Hotel queen Leona Helmsley, serving a four-year tax evasion sentence, was transferred Friday to a minimum-security camp after spending a month at a federal medical center in Kentucky.

Helmsley, 71, finished a series of medical tests at the Federal Medical Center for women in Lexington, Ky., and was transferred to the Federal Correction Institution, prison spokeswoman Lisa Austin said.The camp is on the fringe of a men's penitentiary. There are no bars, and prisoners have a view of rolling hills. She will share an 8-foot-by-6-foot cell with another inmate.

Austin called the Danbury prison appropriate for a tax evasion charge.
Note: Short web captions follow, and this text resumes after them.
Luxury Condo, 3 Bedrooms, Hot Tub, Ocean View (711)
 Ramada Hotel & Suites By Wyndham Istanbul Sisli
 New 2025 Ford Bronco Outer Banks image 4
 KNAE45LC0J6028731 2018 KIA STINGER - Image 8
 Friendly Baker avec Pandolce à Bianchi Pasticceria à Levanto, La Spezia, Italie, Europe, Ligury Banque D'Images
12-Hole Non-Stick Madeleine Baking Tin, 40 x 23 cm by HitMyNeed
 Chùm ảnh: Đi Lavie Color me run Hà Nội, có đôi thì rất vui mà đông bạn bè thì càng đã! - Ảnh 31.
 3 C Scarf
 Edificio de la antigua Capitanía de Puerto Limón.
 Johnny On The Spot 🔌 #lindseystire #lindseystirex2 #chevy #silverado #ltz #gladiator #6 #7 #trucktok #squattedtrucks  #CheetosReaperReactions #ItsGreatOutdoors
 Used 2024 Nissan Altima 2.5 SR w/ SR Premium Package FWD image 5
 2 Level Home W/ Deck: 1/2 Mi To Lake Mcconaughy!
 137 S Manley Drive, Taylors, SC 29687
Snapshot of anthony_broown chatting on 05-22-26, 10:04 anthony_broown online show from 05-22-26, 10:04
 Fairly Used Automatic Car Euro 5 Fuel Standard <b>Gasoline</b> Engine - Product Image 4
It's also close to Helmsley's mansion in Greenwich, something authorities consider when assigning prisons, she said.

Helmsley, sentenced in March, will be assigned to a work detail after orientation at the prison, Austin said.

Helmsley, who has suffered from high blood pressure, reported to the Kentucky prison hospital on Tax Day, April 15, to begin her sentence. She must serve at least 16 months before becoming eligible for parole.

She was convicted in 1989 of evading $1.7 million in taxes by billing personal expenses such as renovations on her Greenwich home to her companies. Her 83-year-old husband Harry was indicted with her but was found mentally incompetent to stand trial.

Helmsley, once dubbed the "Queen of Mean" because of alleged abusive treatment of her employees, has paid about $8 million in fines and restitution.